* _Your assignment_
Select all lines in the records that include "white".

::: Exercise data

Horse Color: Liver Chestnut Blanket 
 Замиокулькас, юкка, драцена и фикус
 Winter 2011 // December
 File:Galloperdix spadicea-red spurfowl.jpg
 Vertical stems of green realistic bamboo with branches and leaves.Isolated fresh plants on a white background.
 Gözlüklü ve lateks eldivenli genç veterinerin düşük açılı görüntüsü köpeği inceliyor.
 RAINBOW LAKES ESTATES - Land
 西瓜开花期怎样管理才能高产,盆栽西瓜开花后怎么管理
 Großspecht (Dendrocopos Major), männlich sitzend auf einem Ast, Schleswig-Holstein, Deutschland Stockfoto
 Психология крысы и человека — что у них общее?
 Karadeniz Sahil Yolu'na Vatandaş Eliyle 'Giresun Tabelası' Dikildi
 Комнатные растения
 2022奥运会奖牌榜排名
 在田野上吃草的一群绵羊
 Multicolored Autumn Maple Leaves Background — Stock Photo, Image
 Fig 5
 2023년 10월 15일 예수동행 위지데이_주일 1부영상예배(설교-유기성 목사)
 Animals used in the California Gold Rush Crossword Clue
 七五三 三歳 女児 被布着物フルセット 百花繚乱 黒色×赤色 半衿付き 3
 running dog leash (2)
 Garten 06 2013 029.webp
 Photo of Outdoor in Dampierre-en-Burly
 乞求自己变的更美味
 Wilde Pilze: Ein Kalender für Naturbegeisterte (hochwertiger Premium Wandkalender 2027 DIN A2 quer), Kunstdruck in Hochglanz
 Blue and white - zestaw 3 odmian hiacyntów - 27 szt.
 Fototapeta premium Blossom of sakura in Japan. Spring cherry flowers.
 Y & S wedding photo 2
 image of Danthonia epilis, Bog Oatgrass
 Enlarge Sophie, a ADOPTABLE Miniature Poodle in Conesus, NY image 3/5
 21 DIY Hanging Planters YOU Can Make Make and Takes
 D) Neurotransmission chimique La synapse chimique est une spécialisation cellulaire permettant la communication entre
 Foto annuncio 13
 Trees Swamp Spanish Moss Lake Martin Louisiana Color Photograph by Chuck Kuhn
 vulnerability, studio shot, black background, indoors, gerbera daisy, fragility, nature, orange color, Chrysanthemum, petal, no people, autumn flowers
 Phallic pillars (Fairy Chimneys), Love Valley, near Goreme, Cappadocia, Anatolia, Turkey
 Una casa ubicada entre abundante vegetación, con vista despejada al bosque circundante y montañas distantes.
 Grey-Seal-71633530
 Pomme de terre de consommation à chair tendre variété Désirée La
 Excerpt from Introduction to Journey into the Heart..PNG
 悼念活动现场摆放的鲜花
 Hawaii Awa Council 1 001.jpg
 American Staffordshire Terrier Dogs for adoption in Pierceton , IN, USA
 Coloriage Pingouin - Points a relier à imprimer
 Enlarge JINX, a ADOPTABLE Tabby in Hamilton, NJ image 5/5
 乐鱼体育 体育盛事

::::::

* _Result of the task_
 Vertical stems of green realistic bamboo with branches and leaves.Isolated fresh plants on a white background.
 Blue and white - zestaw 3 odmian hiacyntów - 27 szt.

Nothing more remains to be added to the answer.